Bennet e a solução de dois estados

Bennet, enquanto fazia seu nome na política, era um forte defensor das reivindicações históricas e religiosas dos judeus aos territórios ocupados da Cisjordânia e Faixa de Gaza. Sua abordagem aparentemente rígida despertou preocupação em grupos de direitos humanos palestinos, mas alguns especialistas como Martin Indyk argumentam que, para manter sua coalizão abrangente, Bennet não terá escolha a não ser empregar uma abordagem calculada e medida.

Indyk, um especialista em política do Oriente Médio e ilustre membro do Conselho de Relações Exteriores, escreve em seu artigo intitulado, ‘O Fim da Era de Netanyahu’, que Bennet tentará apaziguar os árabes que vivem em Israel, tanto quanto possível, para pacificar os partidos árabes. No entanto, a ambivalência potencial de Bennet em relação aos palestinos não poderia incluir concessões territoriais sob o risco de enfurecer a direita. Recentemente, em fevereiro de 2021, ele afirmou que, enquanto eu tiver poder e controle, não entregarei um centímetro de terra de Israel.

O que ele quer, com quem se alia e como administra a política da coalizão logo nos dará uma visão melhor das políticas de Bennet. No entanto, apesar de ser mais uma defesa da boca para fora do que uma política, a solução de dois estados continua a ser apresentada como uma alternativa viável.

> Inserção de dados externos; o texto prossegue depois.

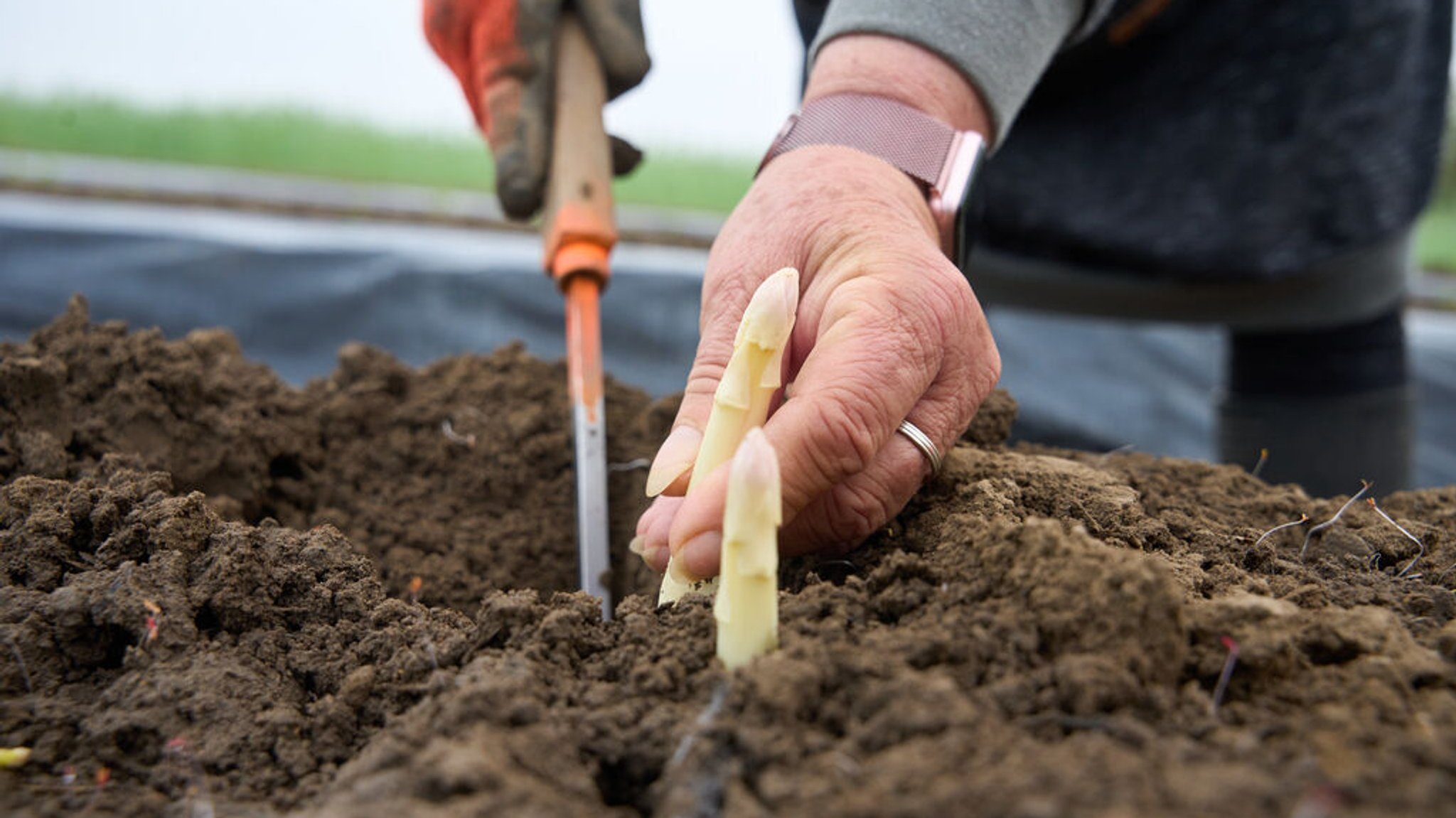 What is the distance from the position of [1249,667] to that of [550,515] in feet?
2.96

PARA relatório do Instituto Brookings retrata um diagnóstico sombrio do estado das relações entre israelenses e palestinos. Ele afirma que a solução de dois Estados proposta por Yasser Arafat durante os Acordos de Oslo está quase morta na água três décadas depois, dados os desenvolvimentos recentes, incluindo o colapso da liderança palestina moderada e o estabelecimento de assentamentos israelenses nos territórios ocupados. A solução de dois estados, essencialmente um compromisso territorial negociado, há muito é considerada a 'única' solução para o conflito. No entanto, enquanto dois primeiros-ministros israelenses, a saber Ehud Barak (1999-2001) e Ehud Olmert (2006-2009) embarcaram em discussões concretas em torno de uma solução de dois estados, a maioria dos líderes israelenses percorreu um caminho de ‘sobrevivência do mais apto’.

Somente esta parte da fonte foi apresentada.